Jakarta, Aktual.co — Wilayah Jakarta merupakan dataran pantai yang sangat rendah, bahkan sekitar 40 persen dari wilayah Jakarta lebih rendah dari pada muka laut yang sebagian besar berbentuk rawa pantai. Dataran ini terjadi sebagai hasil proses geomorfologi dari endapan sungai yang berlangsung ribuan tahun. Sungai-sungai yang mengalirkan curah hujan turun melalui lereng-lereng gunung, mengikis tanah dari lereng gunung, sehingga aliran sungai berperan besar dalam pembentukan lahan di Jakarta. Hal ini juga terjadi di kota-kota pantai seperti Semarang dan Surabaya.
Proses percepatan pembentukan lahan juga dipengaruhi oleh iklim yang meliputi perbandingan antara arah angin, kekuatan angin, lamanya angin bertiup, dan kekuatan arus sungai. Kekuatan iklim memengaruhi proses abrasi dan akresi di pantai. Proses sedimentasi lahan berlangsung dalam waktu ribuan tahun sehingga terbentuklah dataran lebar yang disebut dataran endapan dengan ketinggian kurang dari 7 meter dari permukaan laut. Di Jakarta, ketinggian tanah semakin ke selatan semakin tinggi. Hal itu ditandai oleh adanya tanggul-tanggul sungai yang membujur arah barat timur yang dapat ditelusuri dari toponim seperti Tanah Abang Bukit dan Bukit Duri.
Besar kecilnya banjir ditentukan oleh curah hujan, waktu hujan, dan sebaran. Untuk itu, ketika tanah sudah mulai jenuh dengan air hujan, kemungkinan menjadi aliran permukaan yang berakibat banjir semakin besar. Hal itu sangat berkaitan dengan iklim. Hujan yang jatuh pada bulan Desember sampai Februari lebih besar kemungkinannya menjadi banjir karena tanah sudah jenuh dengan air hujan. Banjir akan menjadi masalah ketika dampak buruknya dirasakan oleh penduduk yang menempati suatu kawasan.
Pemanfaatan ruang kota dengan melakukan pembangunan fisik yang diikuti peningkatan jumlah penduduk dapat memengaruhi periode ulanh dan perluasan wilayah yang dilanda banjir. Jakarta, pada tahun 1883, berpenduduk 110.669 jiwa dengan luas kota 8 km persegi. Pada tahun 1930, luas kota Jakarta menjadi 182 km persegi dengan jumlah penduduk 409.475 jiwa.

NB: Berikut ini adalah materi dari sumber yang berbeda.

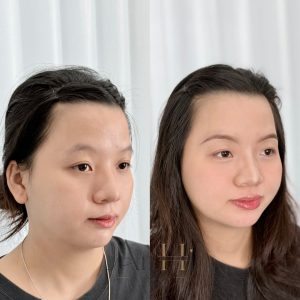 mấy tuổi khử thâm môi được Quận 9 - Thủ Đức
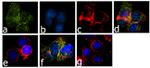 Phospho-Btk (Tyr223) Antibody in Immunocytochemistry (ICC/IF)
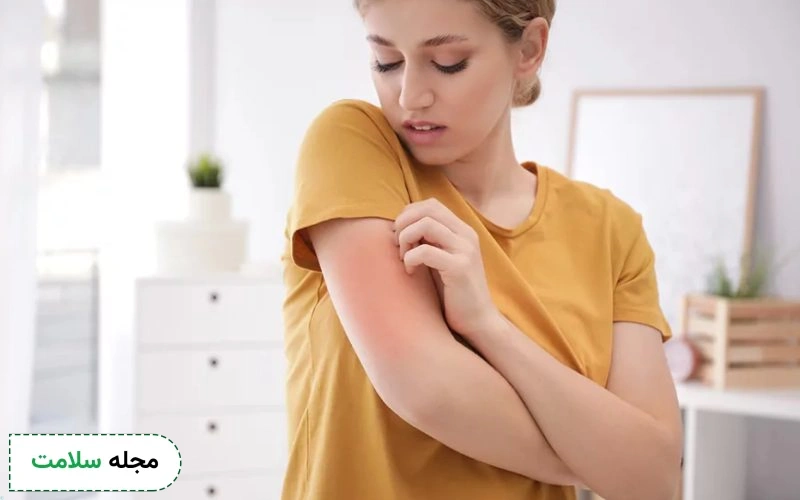 موارد احتیاط و منع مصرف پماد کلوبتازول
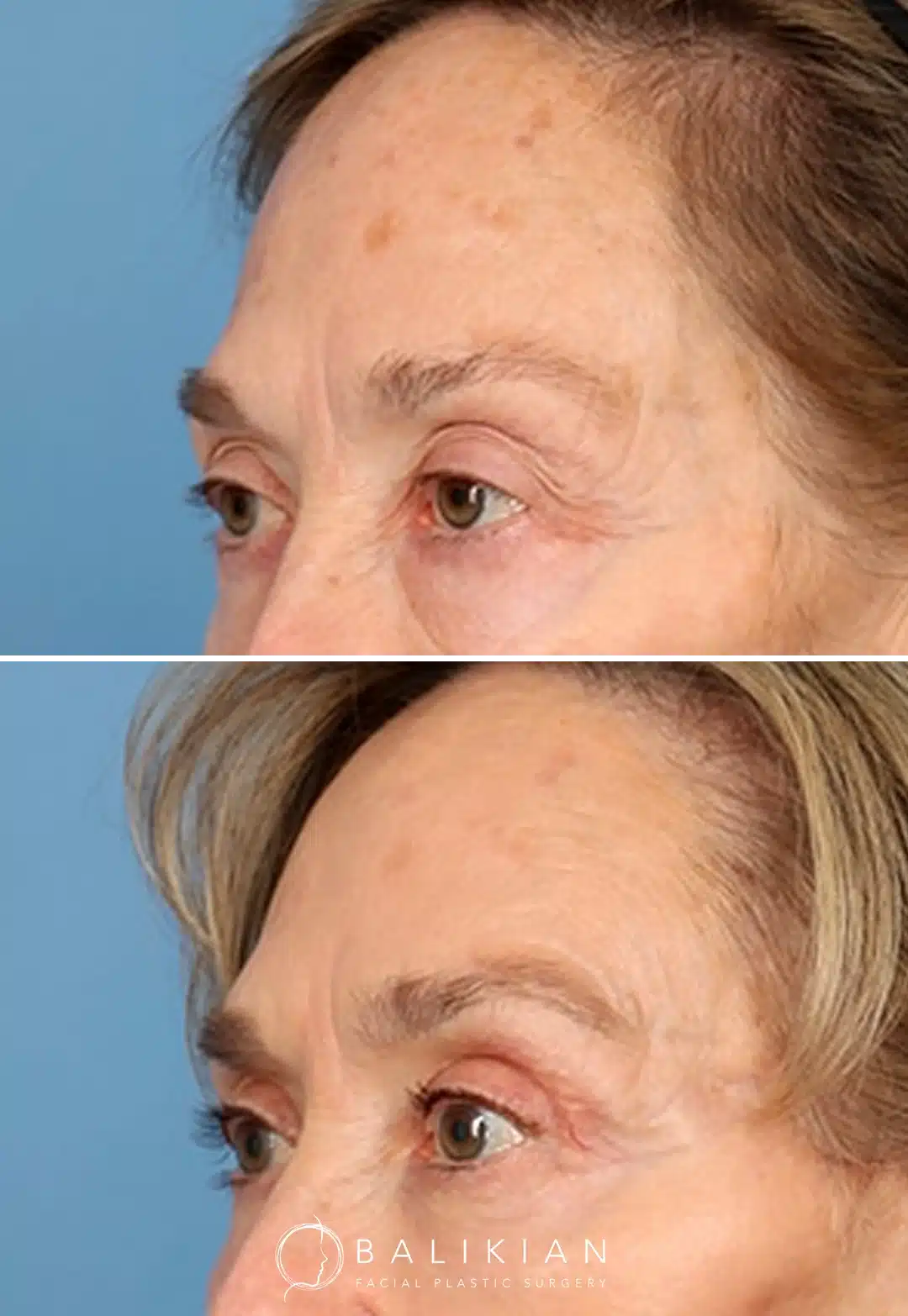 Angled before and after photos of a woman in her seventies showing elevated brows and brighter upper eyelids after brow lift surgery.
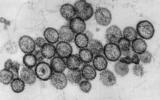 hantavirus.jpg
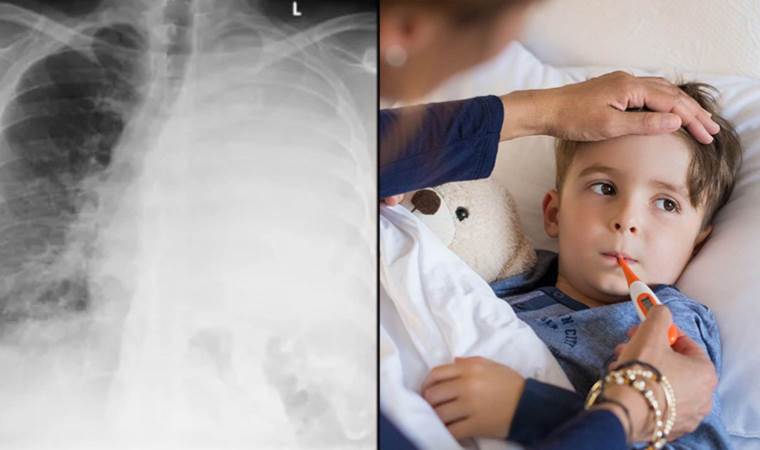 Avrupa’da ‘Beyaz Akciğer Sendromu’ vakalarında artış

Tahun 1970, wilayah Jakarta mengalami perluasan karena terjadi penggabungan dengan daerah di sekitarnya sehingga luasnya menjadi 590 km persegi dengan penduduk 4.473.133 jiwa. 1985, luasnya menjadi 675 km persegi dengan jumlah penduduk 6.164.848 jiwa. Peningkatan jumlah penduduk yang cepat mengakibatkan peningkatan pembangunan kawasan pemukiman, perdagangan dan industri yang semakin cepat pula.
Tanah-tanah yang secara topografis tergolong tidak cocok untuk kawasan terbangun, dan ditetapkan sebagai kawasan tanah basah yang digunakan untuk penampungan air sementara pada waktu banjir, sejak tahun 1960-an dibangun untuk berbagai keperluan kota. Seperti Marunda, Cilincing, Ancol, Pluit, Cengkareng dan Tanjung Priuk bahkan dijadikan permukiman, perindustrian dan jasa perdagangan.
Daerah aliran sungai yang merupakan daerah parkir air pada waktu banjir, setelah pembangunan Gelora Senayan tahun 1960-an, mulai ditempati seperti kawasan Tebet yang merupakan daerah luapan banjir Sungai Ciliwung, kawasan Mampang yang merupakan daerah luapan banjir Sungai Krukut dan Pluis (Kebayoran Lama) yang merupakan daerah luapan banjir Sungai Grogol. Pada masa kolonial, daerah luapan banjir ditetapkan sebagai daerah parkir air dan dinyatakan sebagai daerah pertanian dan kawasan hijau, sehingga pemanfaatan tanah untuk kawasan terbangun hanya diperbolehkan lima persen dari luas tanah yang ada.